▶ **Work item**
Make an exact copy, from the records below, of the lines from the line containing "Помпа охлаждения электрическая" to the line containing "Verb Purple Mask", both lines included, excluding pictures.

▶ **Records provided**
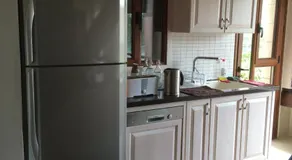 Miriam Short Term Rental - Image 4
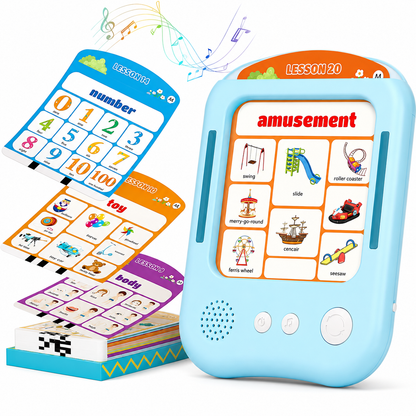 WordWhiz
--
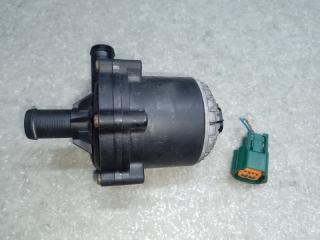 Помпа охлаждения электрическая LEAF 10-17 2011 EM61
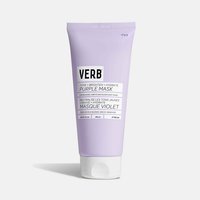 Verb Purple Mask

▶ **Response box**
 Помпа охлаждения электрическая LEAF 10-17 2011 EM61
 Verb Purple Mask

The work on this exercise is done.